I obtained a few pieces of the original AFX tab track recently and discovered something I found odd.

Until now, the hundreds of pieces of AFX tab track I have dealt with had a common feature on the underside of the track. The tabs have a hollow cavity and these cavities continue past the track end into the interior about 1/4".

These recently accquired pieces are different. The hollow cavity of the tab stops at the end of track edge. The tab cavity is about half as long. 

But what is really odd is that if you measure the two variations both are equal in length extreme tab end to extreme tab end. But if you measure the track surface end to end these "half cavity tab" pieces are about 1/16 - 1/32 of an inch shorter!
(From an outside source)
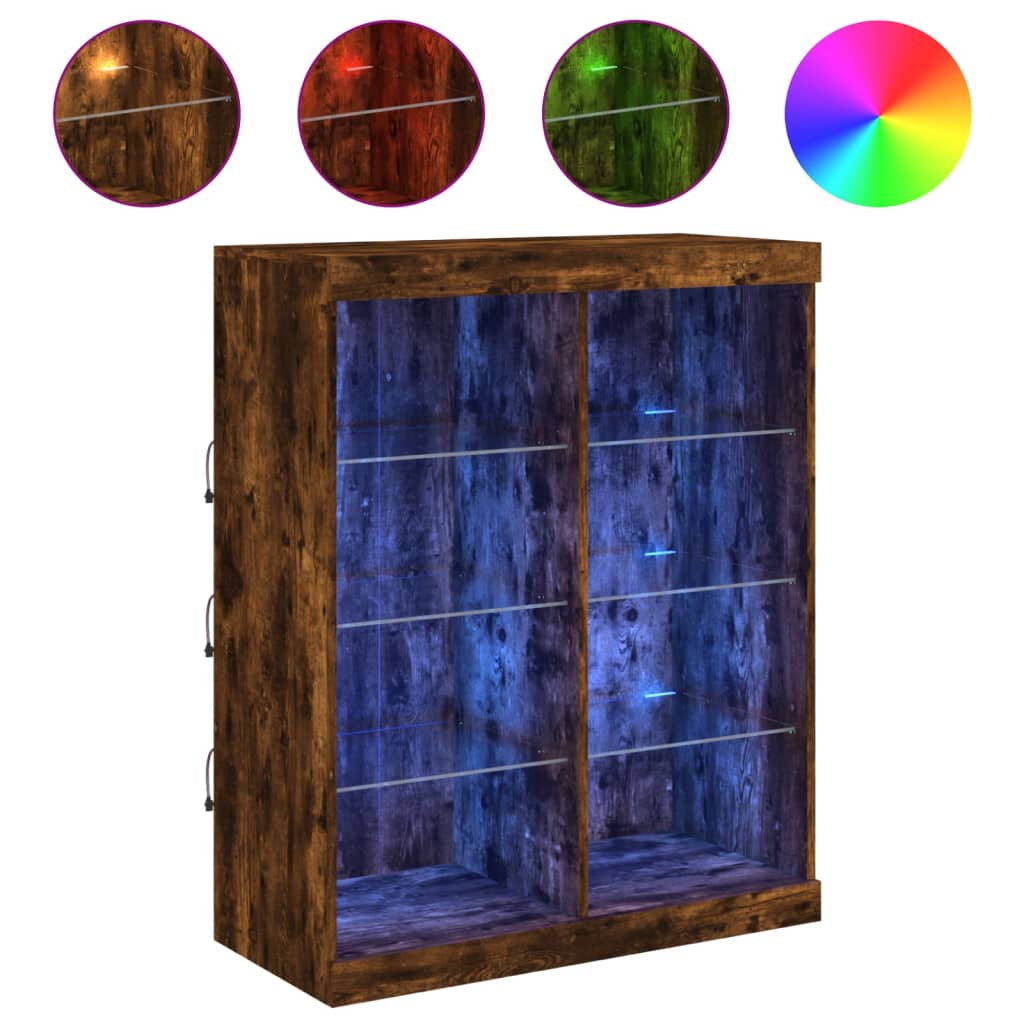 Buffet avec lumières LED chêne fumé 81x37x100 cm - XIOS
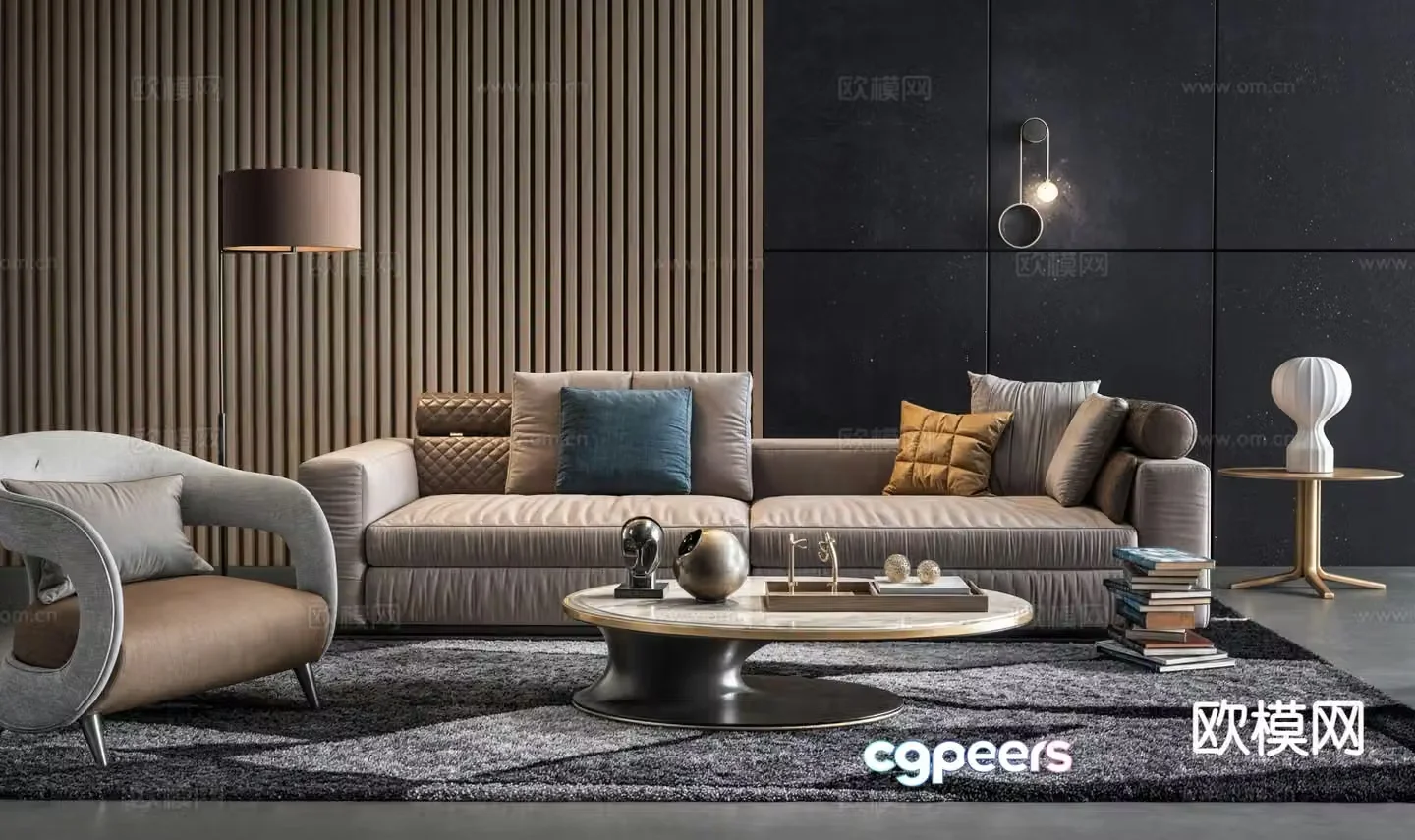Modern sectional sofa 3d model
Once again, I have never seen such pieces. There is no date under the track as well and they do not fit tightly. Could these have possibly been a final attempt by Aurora to lessen stress on the track tabs and end the chronic broken tabs we all know so well?

Any insight appreciated.

Jim Norton
Huntsville, Alabama


----------



## Slott V (Feb 3, 2005)

Are you sure you don't have some TycoPro track mixed in?

TycoPro:










Original AFX:










-Scott


----------



## Hornet (Dec 1, 2005)

Tyco-Pro usually had it's name stamped into the underside of the track Scott:thumbsup:


----------



## Jim Norton (Jun 29, 2007)

*Its AFX for sure*

Regarding TYCO.....the track is good ole AFX. Top side of this "odd" track looks exaclty like any other 15" AFX Straight.
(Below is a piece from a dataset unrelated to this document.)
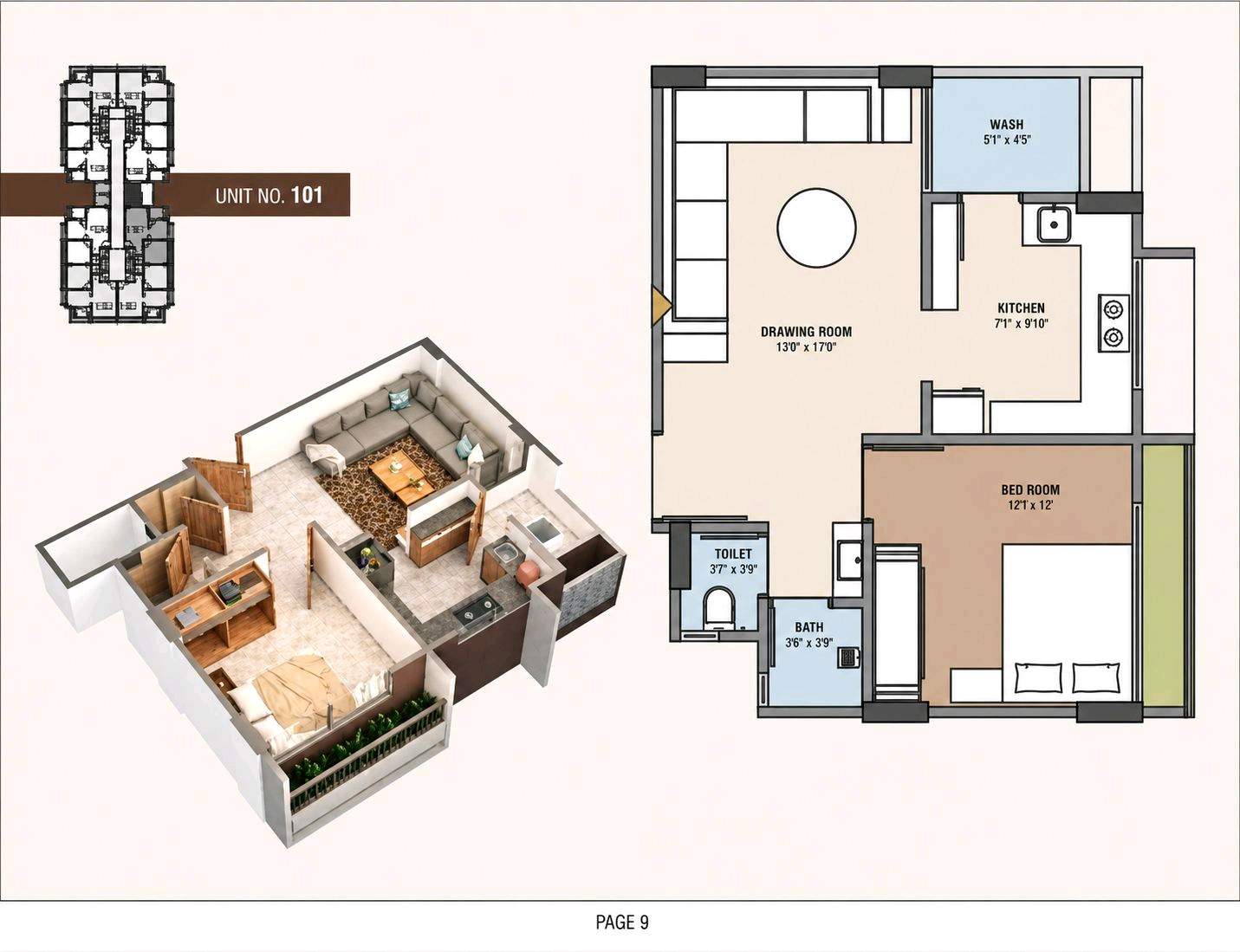 1 BHK Unit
But turn the track upside down and there are subtle differences:

1) No date is stamped on the bottom
2) Hollow cavity in tabs half as long
3) Bottoms of slot and rails squared not rounded.
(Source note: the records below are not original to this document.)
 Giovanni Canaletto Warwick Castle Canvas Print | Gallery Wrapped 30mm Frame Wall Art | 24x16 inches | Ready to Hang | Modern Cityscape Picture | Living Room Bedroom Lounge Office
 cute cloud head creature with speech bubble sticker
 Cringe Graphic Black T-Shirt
What really got my attention was the feel of these track pieces. They just felt weird. When I dropped one, the rails rattled. This is what got me noticing that these were not your typical AFX track pieces.

Jim Norton
Huntsville, Alabama


----------



## dlw (Aug 17, 1999)

Got a pic?


----------



## Grandcheapskate (Jan 5, 2006)

Didn't some AFX stuff come out of Mexico?


----------



## amsra (Sep 21, 2006)

Your "new" pieces are ones that were produced in Singapore. All the "normal" track you have (with the long hollow cavity and rounded slot and rail bottoms) seem to have been "Made in America" or "Made in American and Assembled in Mexico". My guess would be that the Singapore pieces where post-Aurora produced.

Some guys with a better knowledge of the history of AFX between the Aurora years and the Tomy years may know more about this.


----------



## Jim Norton (Jun 29, 2007)

*Made in Singapore*

Thanks for the information. The track pieces do indeed say "made in Singapore."

I am very curious about when and why the design was changed. 

What I don't like about that these pieces is when you connect two together the gap between the tracks is very noticable compared to the "regular" AFX tracks.

Jim Norton
Huntsville, Alabama


----------